È stata una dura finale, al di là della durata (tre ore e 4 minuti) e del punteggio che alla fine ha costretto mamma Sinner ad asciugarsi una lacrima, per la commozione di vedere il suo bambino di un metro e novantuno, che le faceva ciao ciao con la manina mentre con l’altra alzava la Coppa. Nel terzo set lo sgambetto a Medvedev ha preso forma quando il russo si è convinto che giocando di potenza, ma in sicurezza, un colpo da una parte e uno dall’altra, Sinner si sarebbe ritrovato presto gambe all’aria. Un errore di valutazione misto a quel po’ di presunzione che Daniil non riesce proprio a dismettere. Il quarto game avrebbe dovuto insegnargli qualcosa… I due si sono confrontati su un game di 32 servizi, lungo quanto un set, nel quale il russo ha rimontato il 15-40 e ha avuto sei possibilità di tenere il servizio, ma ha concesso a Sinner nove palle break, l’ultima (finalmente) fatale.
Ma il game-partita non è bastato, e il seguito si è mostrato forse ancor più emozionante. Portatosi sul 3-1, Jannik ha ceduto la battuta nel quinto game, ma non ha permesso ugualmente a Medvedev di raggiungerlo, perché si è ripreso il break sulla successiva battuta del russo.

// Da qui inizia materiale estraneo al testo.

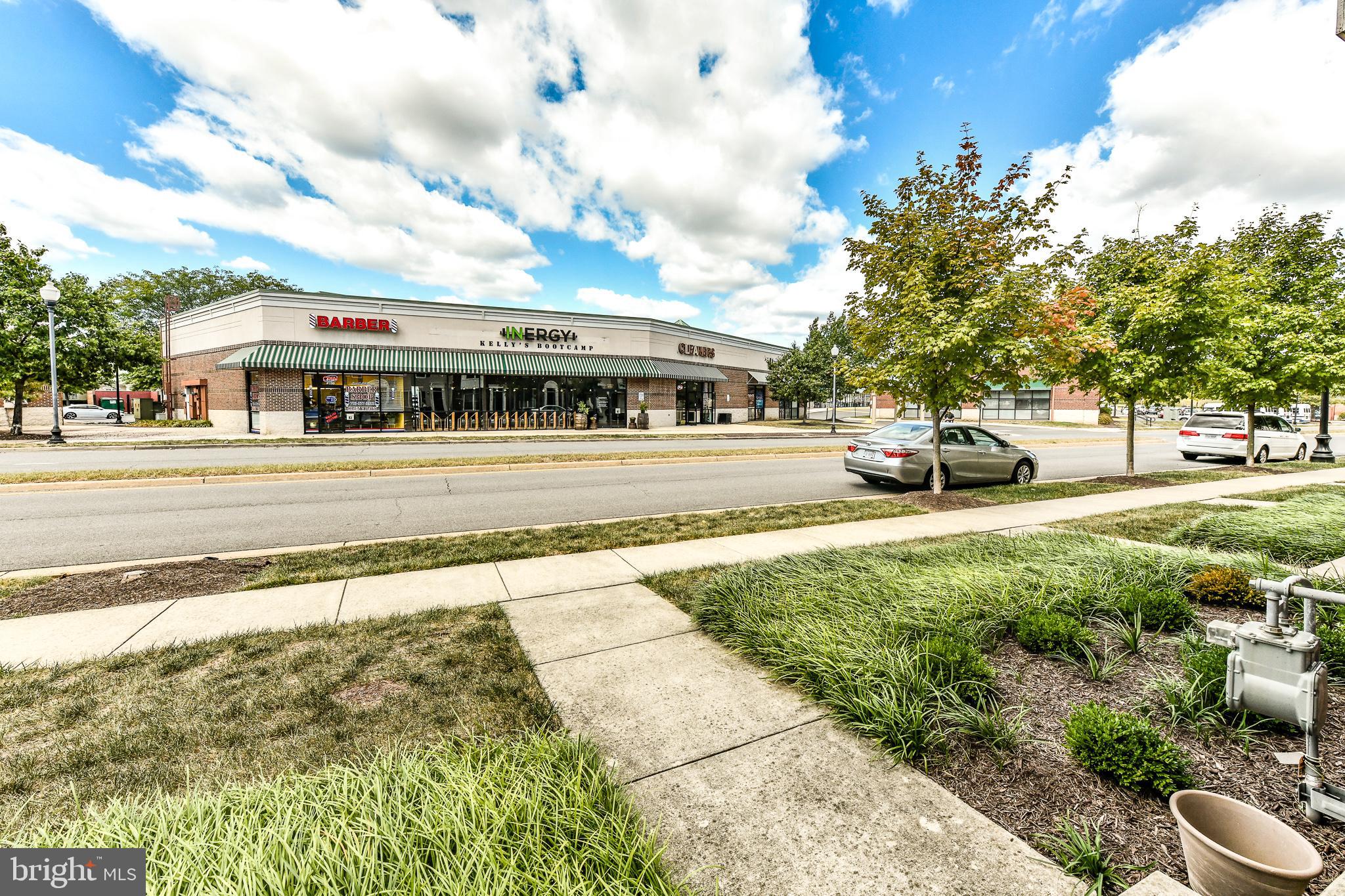 25434 South Riding Boulevard Chantilly, VA 20152 - Photo 37 of 40 Gallery Image 37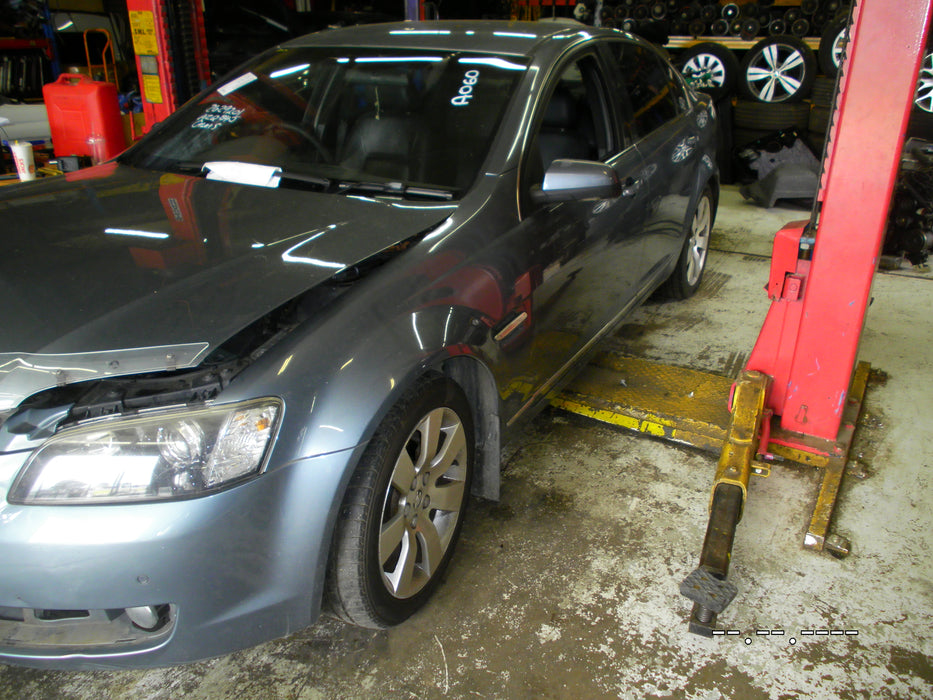 A060 - VE SERIES I Holden Calais Sedan - Rear Cradle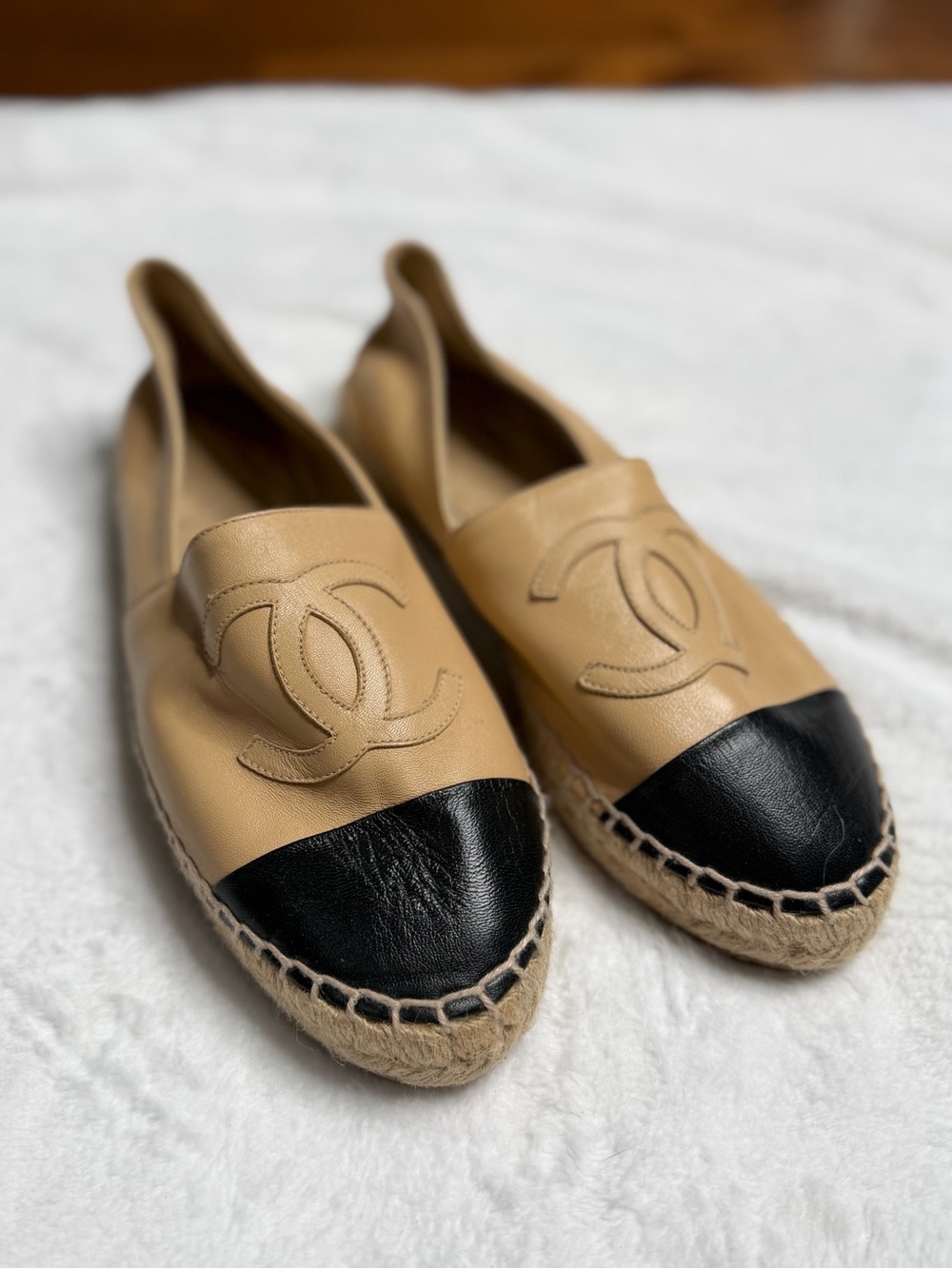 CHANEL Beige/Black Lambskin CC logo Espadrilles Flats | size 37 - Picture 3 of 8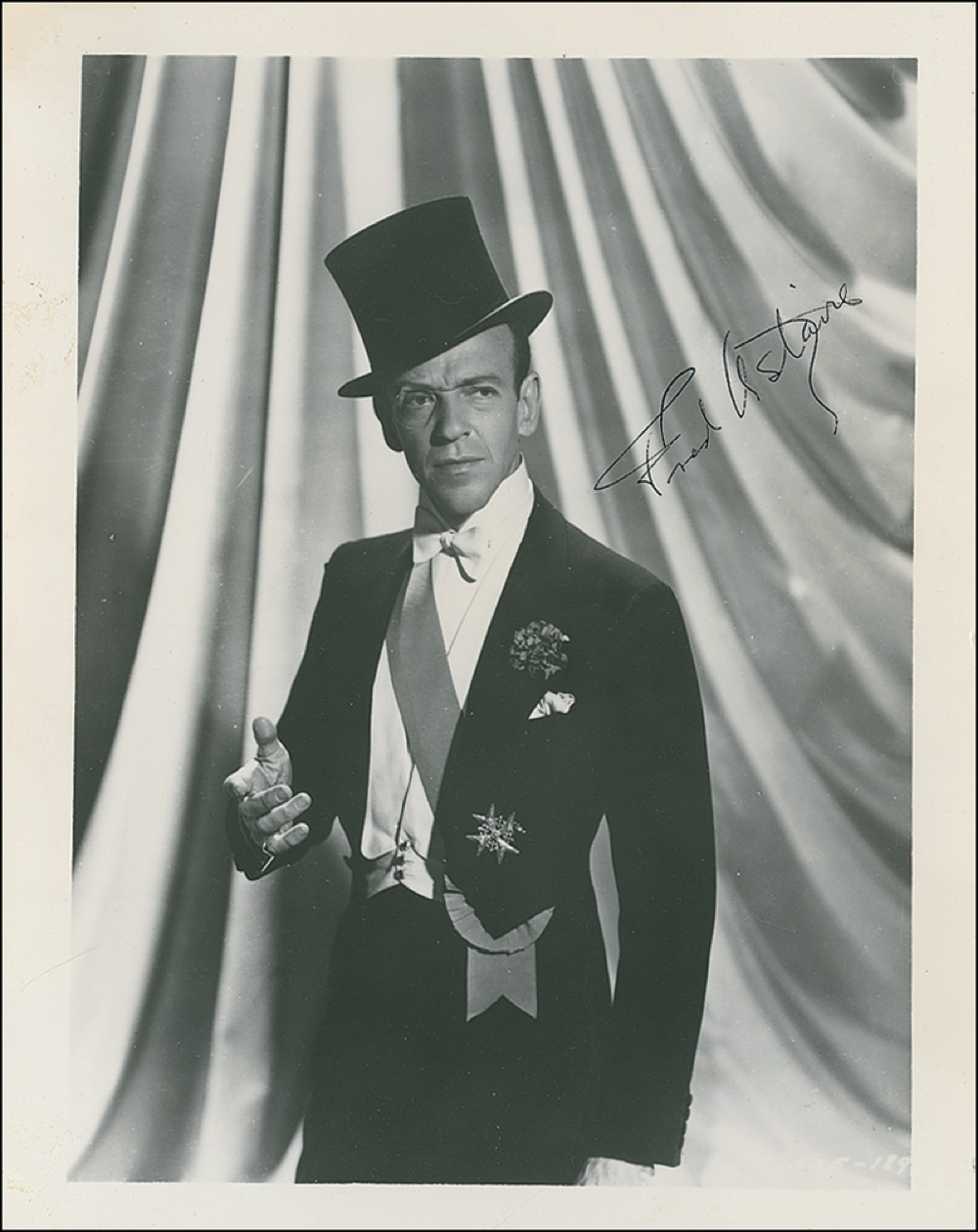 Lot #989 Fred Astaire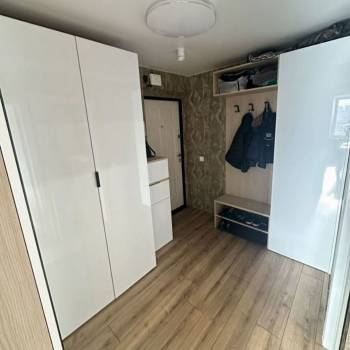 Продается 1-комнатная квартира, 41 м²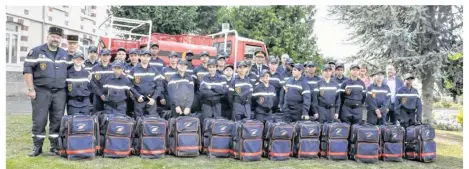  ??  ?? Trente-cinq élèves du collège Saint-François du Château des Vaux lors de leur première après-midi à la Sécurité civile. Le début d’un cycle d’un an pour devenir cadet.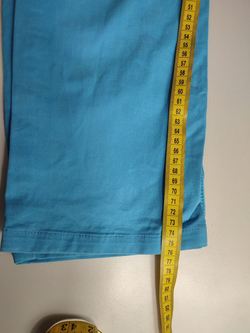 Брюки приятного цвета, визуально на 48/50 размер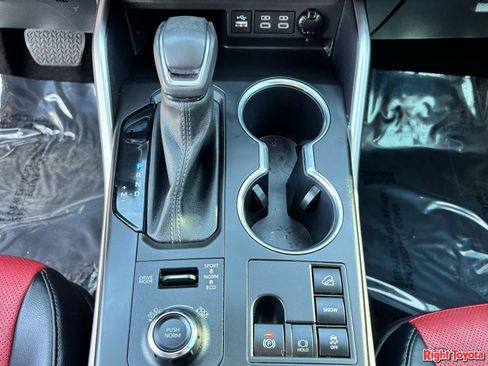 Used 2023 Toyota Highlander XSE AWD/4WD image 30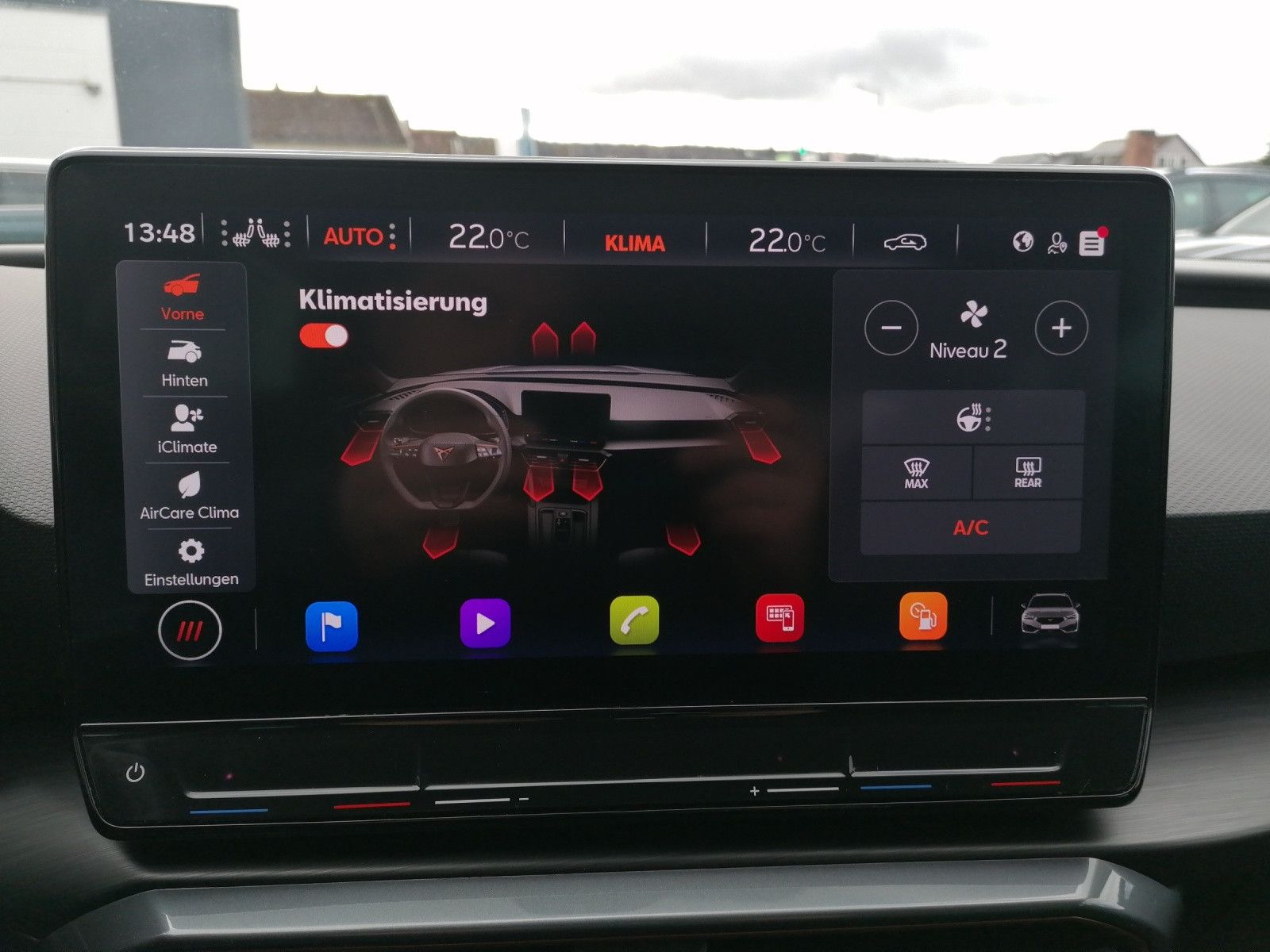 Fahrzeugabbildung CUPRA Leon Sportstourer 1.5 TSI DSG AHK ACC BEATS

L’ultimo attacco di Medvedev è giunto sul 5-2 per Sinner. Il russo è salito 5-3 cancellando un match point all’italiano, e sulla successiva battuta di Sinner ha avuto due palle per il 5-4, l’ultima sprecata con una scimunita sbracciata di dritto su una smorzata lavorata male. Palla comoda, giusto da rifinire, sulla quale Medvedev ha preferito la chiusura di forza, riuscendo a spedire il dritto trenta centimetri oltre la riga. Una sorta di autodafé, la penitenza pubblica dei condannati dall’Inquisizione. Del resto, se Daniil non riesce mai a confermarsi nei tornei ai quali si presenta come campione in carica (e a Vienna lo era), una ragione deve pur esserci.
È la decima vittoria di Sinner, quante ne ha ottenute Panatta in tutta la carriera. Più importanti quelle di Adriano, ma a Sinner il tempo per fare meglio, non manca. È anche il quarto successo dell’anno (dopo Montpellier, Toronto e Pechino), imprese mai riuscita a un tennista italiano. Il miglior viatico per presentarsi alle Finals di Torino nel ruolo di ammazza-grandi.